The theme for last week’s The Documented Life Project prompt was “selfie“. We were encouraged to incorporate a selfie into the page, along with our word of the year, if we pick one. I loved this prompt, even though I feel like my pages could use some work (to be nice).
It’s been interesting to read the comments on the Facebook group, as there is a whole contingent of members who are uncomfortable with taking selfies at all. Personally, I feel like selfies are my jam. My Instagram features a lot of selfies. Like a lot a lot. After taking a self-portrait class from Liz Lameroux last year, I use selfies as a way to check in with myself, see myself in a new life, and document my life. It was a transformative experience for me, to learn how to feel comfortable enough in my skin to see myself through self-portraiture.

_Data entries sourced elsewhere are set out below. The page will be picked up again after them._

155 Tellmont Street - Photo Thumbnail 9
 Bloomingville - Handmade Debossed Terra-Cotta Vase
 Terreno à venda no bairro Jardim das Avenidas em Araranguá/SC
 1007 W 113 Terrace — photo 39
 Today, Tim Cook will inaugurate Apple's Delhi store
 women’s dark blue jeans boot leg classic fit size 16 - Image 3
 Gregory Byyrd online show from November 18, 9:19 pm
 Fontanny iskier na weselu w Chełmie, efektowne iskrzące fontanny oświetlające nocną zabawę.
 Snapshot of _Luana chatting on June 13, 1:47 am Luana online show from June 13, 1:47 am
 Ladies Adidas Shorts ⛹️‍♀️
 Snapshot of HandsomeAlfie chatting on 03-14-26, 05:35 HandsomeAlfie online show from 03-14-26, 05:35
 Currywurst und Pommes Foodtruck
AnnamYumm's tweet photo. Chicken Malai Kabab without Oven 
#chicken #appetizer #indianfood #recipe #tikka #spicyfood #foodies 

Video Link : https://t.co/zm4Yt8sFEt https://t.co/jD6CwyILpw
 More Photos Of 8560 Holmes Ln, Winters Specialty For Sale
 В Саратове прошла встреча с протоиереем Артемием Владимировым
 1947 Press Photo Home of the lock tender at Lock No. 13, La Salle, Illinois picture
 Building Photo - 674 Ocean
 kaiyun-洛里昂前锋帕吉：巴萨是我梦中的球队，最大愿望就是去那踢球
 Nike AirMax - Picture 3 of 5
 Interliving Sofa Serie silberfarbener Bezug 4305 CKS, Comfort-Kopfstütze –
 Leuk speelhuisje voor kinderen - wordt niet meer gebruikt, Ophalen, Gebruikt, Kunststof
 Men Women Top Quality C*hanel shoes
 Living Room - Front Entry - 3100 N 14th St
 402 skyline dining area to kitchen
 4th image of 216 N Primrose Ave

When making my page, I used a guiding phrase that I wrote while taking my selfies for this prompt on Instagram:
“When I try to embody my word of the year, I plant my feet on the ground and I cover my heart with my hands, because my center comes from both places.”
This phrase is incorporated into my the front of my extension, hovering over each leaf. There are elements of this page that I really like – the color scheme, the layers of techniques that I use, and of course, the guiding phrase. But, I found while making this page that I got sucked into over making. I couldn’t put down the paint and I covered or obscured elements that I really liked.
However, I don’t want to focus on this part of the page. Instead, I want to focus on what I learned from this process. I learned a lot about art journaling, just by going a little too far and acting too quickly. But, what I learned most while making this page is that my word of the year – CENTER – is something that I feel in my body. I know when I’m centered, I can feel it in the set of my shoulders. I can feel it in the way I breathe. I can feel it in the way that my feet connect with the floor. As I work through this year finding my center, I can keep myself true by checking in with my body. How do I feel in my day to day life, disjointed and itchy or stable and grounded?
So far, I’ve found that engaging in this project has helped me to feel more centered. By spending my snatches of time writing, taking pictures, and making art (even if imperfectly), I am connecting with a central part of who I am. At my center, I am someone who thrives on making things. I need this background hum of creativity in my daily life, in order to feel more like my self.